EXERCISE PROMPT >>
Because the images are not wanted, restate every line below word for word without them.

DATA PROVIDED >>
- Opening Delimiter -

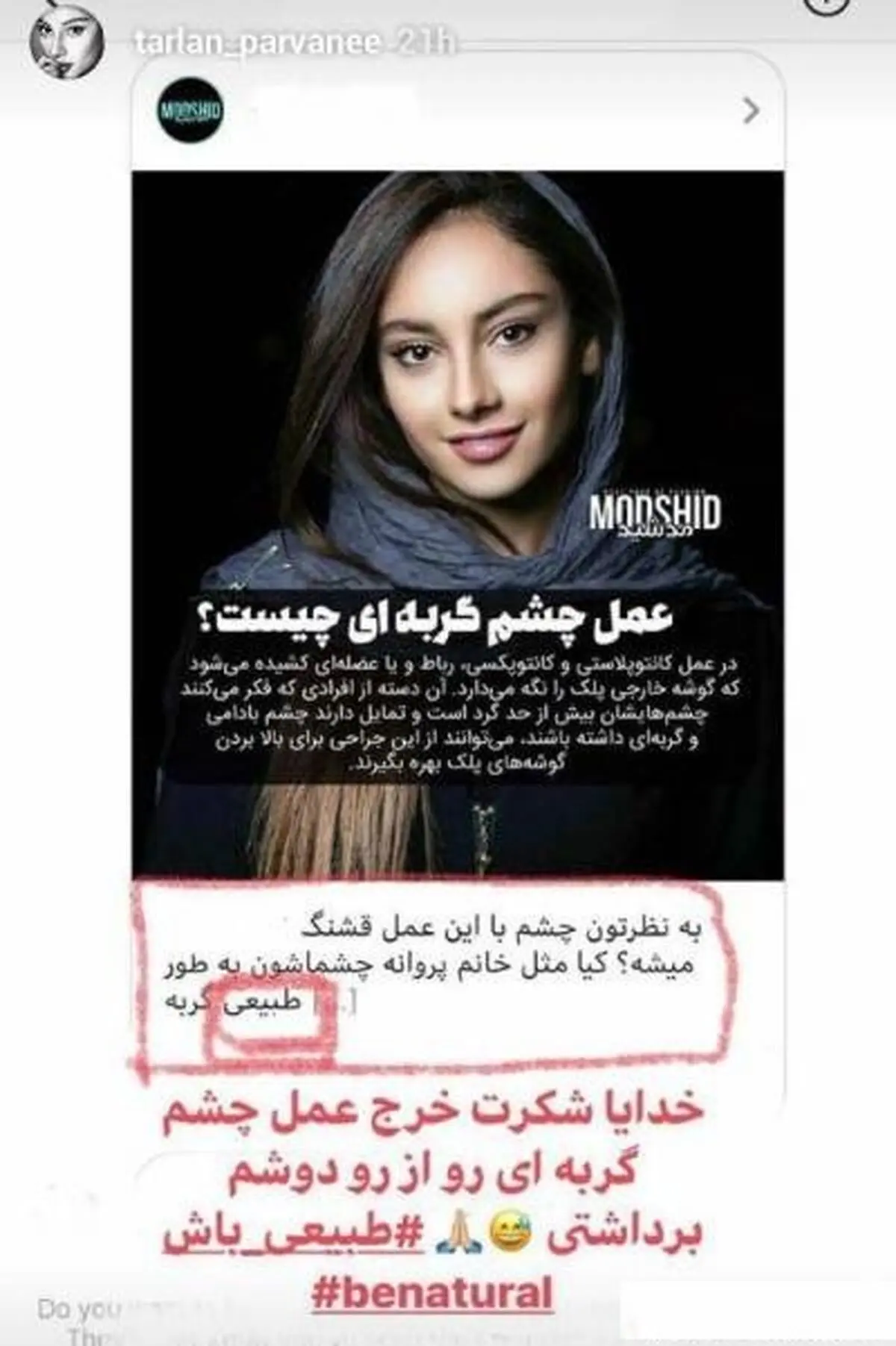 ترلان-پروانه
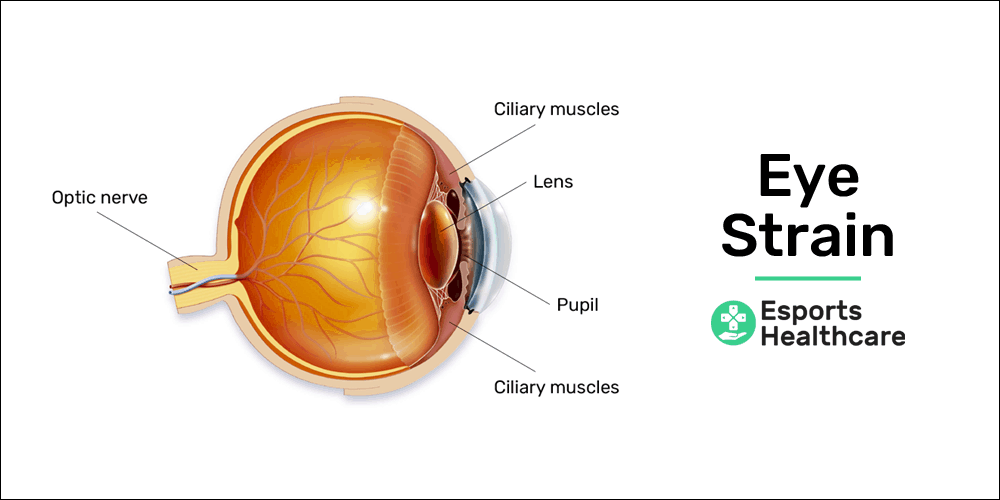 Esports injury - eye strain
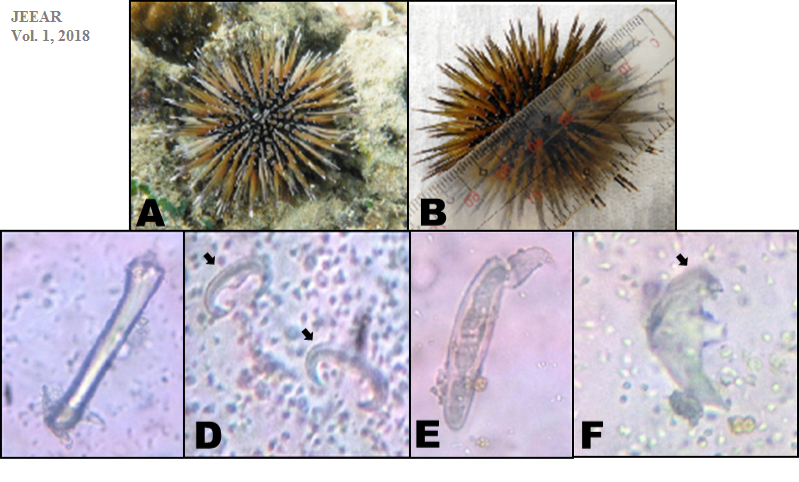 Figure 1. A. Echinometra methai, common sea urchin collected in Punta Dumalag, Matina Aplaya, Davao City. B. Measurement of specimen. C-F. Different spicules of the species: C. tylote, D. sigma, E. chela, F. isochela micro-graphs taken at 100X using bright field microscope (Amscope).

- Closing Delimiter -

ANSWER BELOW >>
 ترلان-پروانه
 Esports injury - eye strain
 Figure 1. A. Echinometra methai, common sea urchin collected in Punta Dumalag, Matina Aplaya, Davao City. B. Measurement of specimen. C-F. Different spicules of the species: C. tylote, D. sigma, E. chela, F. isochela micro-graphs taken at 100X using bright field microscope (Amscope).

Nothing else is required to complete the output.